> [Task prompt]: Repeat the data below exactly, dropping any pictures it holds.

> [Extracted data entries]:
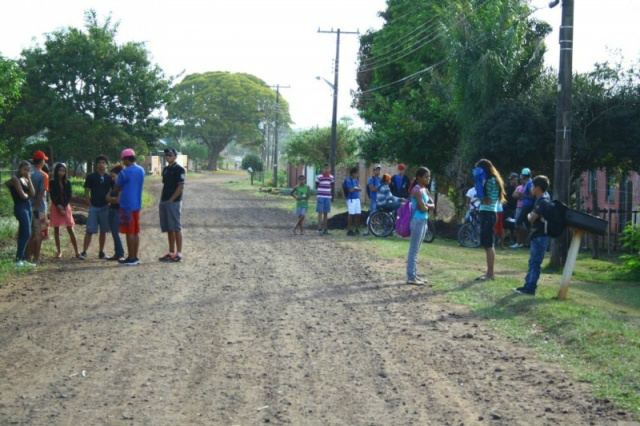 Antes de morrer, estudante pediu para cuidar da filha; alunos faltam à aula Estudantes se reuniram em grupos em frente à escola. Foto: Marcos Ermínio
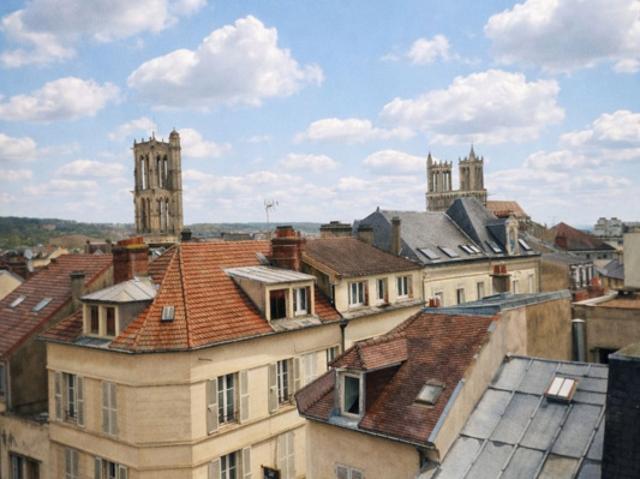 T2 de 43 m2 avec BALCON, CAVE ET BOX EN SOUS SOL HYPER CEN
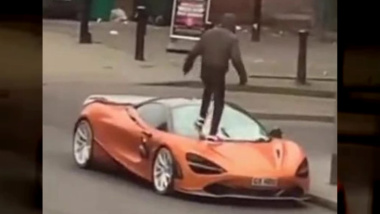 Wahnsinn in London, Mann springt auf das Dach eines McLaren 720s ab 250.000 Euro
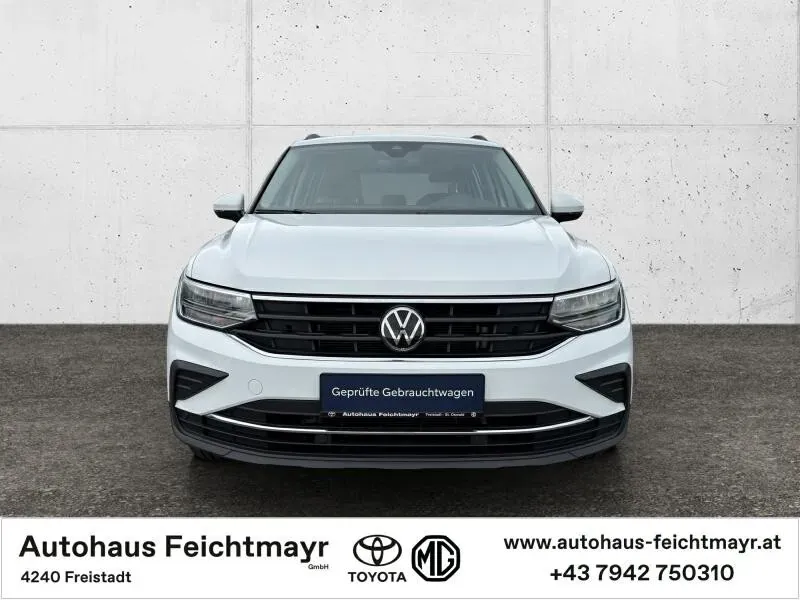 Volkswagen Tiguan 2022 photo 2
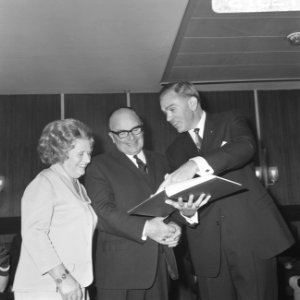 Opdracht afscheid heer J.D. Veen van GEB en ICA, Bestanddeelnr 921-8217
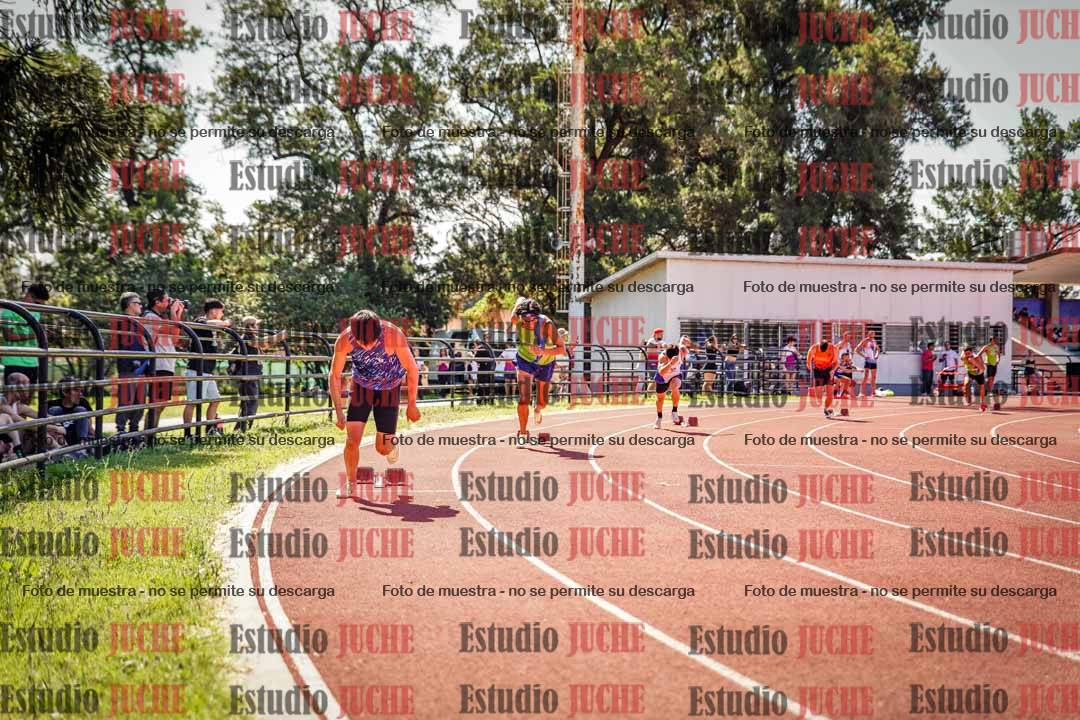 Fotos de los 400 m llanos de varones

> [Result of the task]:
 Antes de morrer, estudante pediu para cuidar da filha; alunos faltam à aula Estudantes se reuniram em grupos em frente à escola. Foto: Marcos Ermínio
 T2 de 43 m2 avec BALCON, CAVE ET BOX EN SOUS SOL HYPER CEN
 Wahnsinn in London, Mann springt auf das Dach eines McLaren 720s ab 250.000 Euro
 Volkswagen Tiguan 2022 photo 2
 Opdracht afscheid heer J.D. Veen van GEB en ICA, Bestanddeelnr 921-8217
 Fotos de los 400 m llanos de varones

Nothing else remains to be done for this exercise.